An output is a tranche of Siacoins or Siafunds controlled by a Spend Policy. Most outputs are created by Transactions, but some are created by Blocks themselves, such as miner payouts and Foundation subsidies.

An output can only be used (or "spent") once; enforcing this rule is one of the most critical responsibilities of consensus. Sia uses a cryptographic accumulator for this purpose. Outputs that have not been spent are often referred to as "UTXOs." Outputs used to fund a particular transaction are called "inputs" to distinguish them from the outputs being created by the transaction.

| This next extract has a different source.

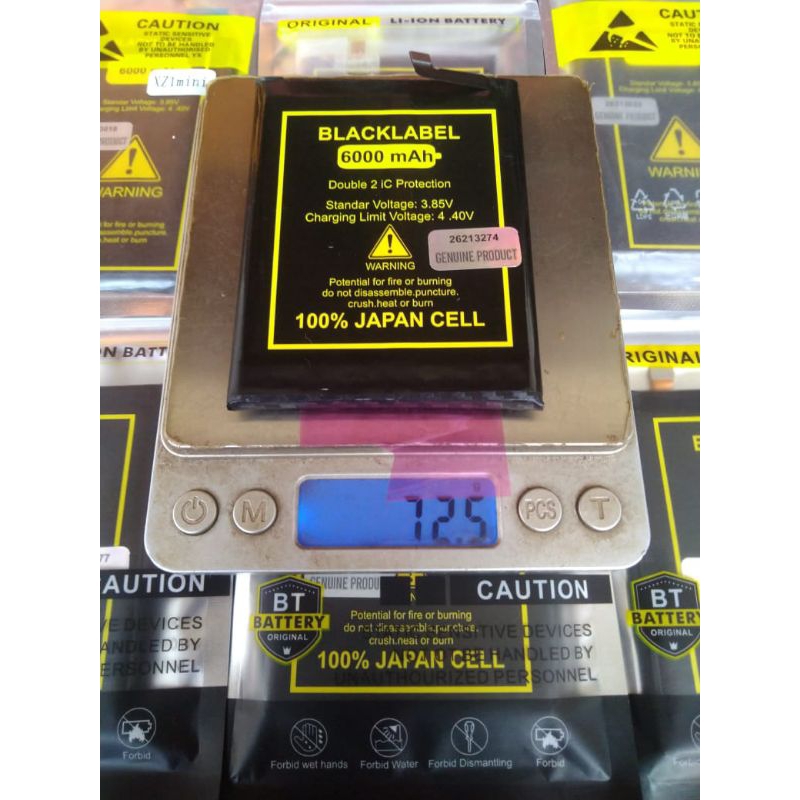 Sharp He391 He-391 Battery Batre Baterai Sharp Aquos Sense 3+ Plus Sense 4+ Plus Doubel Power 6000Ma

Certain outputs are not immediately spendable, instead remaining locked until they "mature." These include miner payouts, Foundation subsidies, siafund claims, and File Contract payouts. This restriction minimizes the disruption caused by shallow reorgs. When a reorg occurs, the transactions in the reverted block can typically be placed back in the transaction pool, and—crucially—any children of those transactions are unaffected. This is not the case for the four output types above, so they are locked to prevent other transactions from depending on them until they are highly unlikely to be reorged.

An output can be spent within the same block that created it; these are known as "ephemeral" outputs. Despite their short lifespan, they are added to the Element Accumulator just like any other output.

Outputs are referred to by their ID, which is a hash of the information that uniquely identifies the output: typically, the ID of the transaction or block that created the output, concatenated with a monotonically increasing integer. This stands in contrast to cryptocurrencies like Bitcoin, which do not hash this information, instead identifying outputs as a combination of (parent) transaction ID and an index. Technically, an output is also also uniquely identified by its leaf index within the accumulator Merkle tree, but this is not serviceable in practice: since the index depends on the output's position within a block, it cannot be computed in advance, making ephemeral outputs impossible. Also, IDs have, in a sense, the "full PoW of the chain" behind them, whereas indices are not tied to any chain in particular.